I will very respectfully disagree with Roy on this one. It would be quite surprising for a 1.5" layer of soil to become exhausted in so short a time. Plus nutrients (especially nitrogen) are being added all the time when you feed.

I don't know for sure what is happening to the ludwigia. But 1.5" is a pretty deep soil layer for a 1 gal container, and it could be anaerobic if the chain sword roots haven't penetrated it yet. Also, it is extremely easy to overfeed with small aquaria--I wiped out a previously thriving shrimp colony that way. I suspect that the animals hanging at the surface was due to one of those factors, and is unrelated to the ludwigia decline.

The ludwigia may still be adjusting to the new environment. Or it may be that for unknown reasons, that species is not going to thrive in that particular tank. If the other plants and animals continue to do well, you might just accept the loss of the ludwigia in this case.

You can always get some more from me, lol.


----------



## chrislewistx (Jun 8, 2012)

Thanks for the responses guys. We will see what happens over the course of time.

I only feed every two or three days since there are only a few Ramshorn snails and 2 cherry shrimp. 

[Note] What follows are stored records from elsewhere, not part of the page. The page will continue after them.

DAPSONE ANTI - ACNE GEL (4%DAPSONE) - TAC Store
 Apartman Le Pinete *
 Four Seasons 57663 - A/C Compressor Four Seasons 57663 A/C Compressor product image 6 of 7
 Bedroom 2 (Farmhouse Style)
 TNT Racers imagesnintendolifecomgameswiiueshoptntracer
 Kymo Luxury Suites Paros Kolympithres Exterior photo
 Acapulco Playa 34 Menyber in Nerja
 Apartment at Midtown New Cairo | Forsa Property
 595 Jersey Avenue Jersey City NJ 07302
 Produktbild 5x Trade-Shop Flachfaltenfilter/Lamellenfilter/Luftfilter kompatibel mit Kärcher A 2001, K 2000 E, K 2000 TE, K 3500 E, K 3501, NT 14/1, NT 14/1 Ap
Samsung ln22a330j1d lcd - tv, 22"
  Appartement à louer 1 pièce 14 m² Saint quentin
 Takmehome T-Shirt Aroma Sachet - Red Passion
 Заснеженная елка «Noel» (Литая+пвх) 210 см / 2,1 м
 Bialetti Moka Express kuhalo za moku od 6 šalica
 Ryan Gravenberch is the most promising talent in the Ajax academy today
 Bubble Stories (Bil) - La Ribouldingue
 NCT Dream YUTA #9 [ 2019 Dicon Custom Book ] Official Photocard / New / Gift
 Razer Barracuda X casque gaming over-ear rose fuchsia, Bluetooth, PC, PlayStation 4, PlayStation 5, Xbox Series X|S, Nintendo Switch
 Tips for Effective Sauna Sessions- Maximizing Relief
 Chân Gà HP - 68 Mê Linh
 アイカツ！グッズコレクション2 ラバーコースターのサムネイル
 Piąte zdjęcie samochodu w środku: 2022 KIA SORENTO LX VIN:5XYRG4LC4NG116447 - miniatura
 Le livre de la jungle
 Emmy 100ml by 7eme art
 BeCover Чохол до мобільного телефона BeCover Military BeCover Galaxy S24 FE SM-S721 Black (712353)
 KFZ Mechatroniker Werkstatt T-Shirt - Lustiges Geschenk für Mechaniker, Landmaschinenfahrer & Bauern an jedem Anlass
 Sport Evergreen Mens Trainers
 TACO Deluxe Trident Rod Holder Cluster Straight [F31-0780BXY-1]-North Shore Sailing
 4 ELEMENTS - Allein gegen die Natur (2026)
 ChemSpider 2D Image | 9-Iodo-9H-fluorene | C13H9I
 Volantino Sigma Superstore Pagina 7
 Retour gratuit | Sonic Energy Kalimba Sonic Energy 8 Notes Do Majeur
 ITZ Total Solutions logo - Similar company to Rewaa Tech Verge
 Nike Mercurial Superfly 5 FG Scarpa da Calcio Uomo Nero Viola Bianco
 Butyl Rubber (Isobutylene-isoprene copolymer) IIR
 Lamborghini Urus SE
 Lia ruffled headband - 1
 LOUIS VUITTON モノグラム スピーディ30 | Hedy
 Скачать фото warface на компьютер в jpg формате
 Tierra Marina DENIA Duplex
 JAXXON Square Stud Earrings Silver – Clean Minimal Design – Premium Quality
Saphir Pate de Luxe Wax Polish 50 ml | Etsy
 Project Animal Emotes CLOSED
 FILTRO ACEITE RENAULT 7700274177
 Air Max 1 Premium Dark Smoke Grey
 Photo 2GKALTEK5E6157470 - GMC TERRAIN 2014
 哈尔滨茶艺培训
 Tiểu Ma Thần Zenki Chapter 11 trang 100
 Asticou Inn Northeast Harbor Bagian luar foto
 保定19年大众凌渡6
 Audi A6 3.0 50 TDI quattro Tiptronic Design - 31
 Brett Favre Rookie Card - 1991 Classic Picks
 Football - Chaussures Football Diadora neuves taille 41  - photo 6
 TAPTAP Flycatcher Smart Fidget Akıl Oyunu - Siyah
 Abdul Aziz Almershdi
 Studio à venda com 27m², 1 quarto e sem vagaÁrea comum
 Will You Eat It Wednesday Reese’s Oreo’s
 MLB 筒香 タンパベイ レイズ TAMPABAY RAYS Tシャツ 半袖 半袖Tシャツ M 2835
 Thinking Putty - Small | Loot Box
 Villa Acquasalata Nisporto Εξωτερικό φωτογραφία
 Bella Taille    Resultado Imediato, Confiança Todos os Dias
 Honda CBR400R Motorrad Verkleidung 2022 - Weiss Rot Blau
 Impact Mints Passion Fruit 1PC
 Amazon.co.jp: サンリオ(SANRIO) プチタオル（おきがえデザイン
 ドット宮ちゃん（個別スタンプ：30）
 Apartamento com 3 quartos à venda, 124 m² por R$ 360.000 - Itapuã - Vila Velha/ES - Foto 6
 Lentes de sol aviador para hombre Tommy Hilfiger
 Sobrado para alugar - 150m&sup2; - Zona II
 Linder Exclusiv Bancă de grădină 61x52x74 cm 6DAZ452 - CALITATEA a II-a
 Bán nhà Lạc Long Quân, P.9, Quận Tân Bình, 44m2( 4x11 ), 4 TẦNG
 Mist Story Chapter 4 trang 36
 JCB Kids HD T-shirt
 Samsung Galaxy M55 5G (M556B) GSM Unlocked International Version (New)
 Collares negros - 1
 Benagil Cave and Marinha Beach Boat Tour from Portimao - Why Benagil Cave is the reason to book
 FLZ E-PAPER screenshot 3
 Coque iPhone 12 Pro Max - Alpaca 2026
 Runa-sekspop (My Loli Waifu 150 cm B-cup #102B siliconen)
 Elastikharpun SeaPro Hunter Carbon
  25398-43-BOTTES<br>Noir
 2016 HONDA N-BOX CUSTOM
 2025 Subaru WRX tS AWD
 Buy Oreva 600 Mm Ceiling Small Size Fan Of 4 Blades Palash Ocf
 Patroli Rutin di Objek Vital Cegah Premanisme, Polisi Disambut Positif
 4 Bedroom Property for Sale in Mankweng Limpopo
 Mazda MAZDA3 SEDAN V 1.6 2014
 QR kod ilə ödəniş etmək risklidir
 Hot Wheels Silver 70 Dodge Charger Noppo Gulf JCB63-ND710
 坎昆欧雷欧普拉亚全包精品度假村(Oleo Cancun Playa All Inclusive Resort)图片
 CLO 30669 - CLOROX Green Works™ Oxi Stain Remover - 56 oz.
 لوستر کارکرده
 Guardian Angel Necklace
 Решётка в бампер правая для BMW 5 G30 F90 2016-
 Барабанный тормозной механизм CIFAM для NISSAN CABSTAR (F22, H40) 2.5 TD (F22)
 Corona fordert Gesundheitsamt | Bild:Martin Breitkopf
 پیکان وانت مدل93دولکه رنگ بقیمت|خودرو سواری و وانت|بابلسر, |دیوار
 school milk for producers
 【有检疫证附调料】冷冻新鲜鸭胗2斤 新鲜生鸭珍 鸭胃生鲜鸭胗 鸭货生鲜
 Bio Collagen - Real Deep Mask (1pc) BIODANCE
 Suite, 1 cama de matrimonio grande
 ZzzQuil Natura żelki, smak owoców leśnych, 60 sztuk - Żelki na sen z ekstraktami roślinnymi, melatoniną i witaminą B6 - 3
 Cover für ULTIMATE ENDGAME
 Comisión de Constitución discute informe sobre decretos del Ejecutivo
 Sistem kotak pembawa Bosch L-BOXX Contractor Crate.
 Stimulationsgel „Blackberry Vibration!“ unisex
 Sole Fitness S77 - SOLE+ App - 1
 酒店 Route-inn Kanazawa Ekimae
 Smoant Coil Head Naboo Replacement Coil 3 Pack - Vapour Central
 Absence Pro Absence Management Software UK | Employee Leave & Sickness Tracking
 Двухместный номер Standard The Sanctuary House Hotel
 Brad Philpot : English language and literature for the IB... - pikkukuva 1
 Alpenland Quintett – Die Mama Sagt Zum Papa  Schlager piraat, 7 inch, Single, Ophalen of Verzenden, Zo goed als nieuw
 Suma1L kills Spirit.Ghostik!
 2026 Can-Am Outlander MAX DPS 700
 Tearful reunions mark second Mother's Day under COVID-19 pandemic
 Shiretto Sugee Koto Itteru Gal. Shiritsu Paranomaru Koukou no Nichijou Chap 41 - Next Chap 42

I did go back and actually measure the substrate instead of going off memory. There are two inches total. From looking at the layers through the glass there is 1" of MTS and 1" of SafTSorb. For future record, how deep of each substrate component would you use for a small container? Also, how deep would you make the substrate for say a 20 gallon tank?

This weekend I added some Hygrophila Polysperma Sunset to see what would happen to it. I haven't seen the snails and shrimp sitting at the top of the water column anymore either. 

I am really interested to see if this IKEA LED light will continue to grow the plants. I have seen no noticeable decline in growth or color since changing over to the LED fixture. Also, the visual light from it is actually brighter and makes viewing the container better for me. 

Thanks for your help.


----------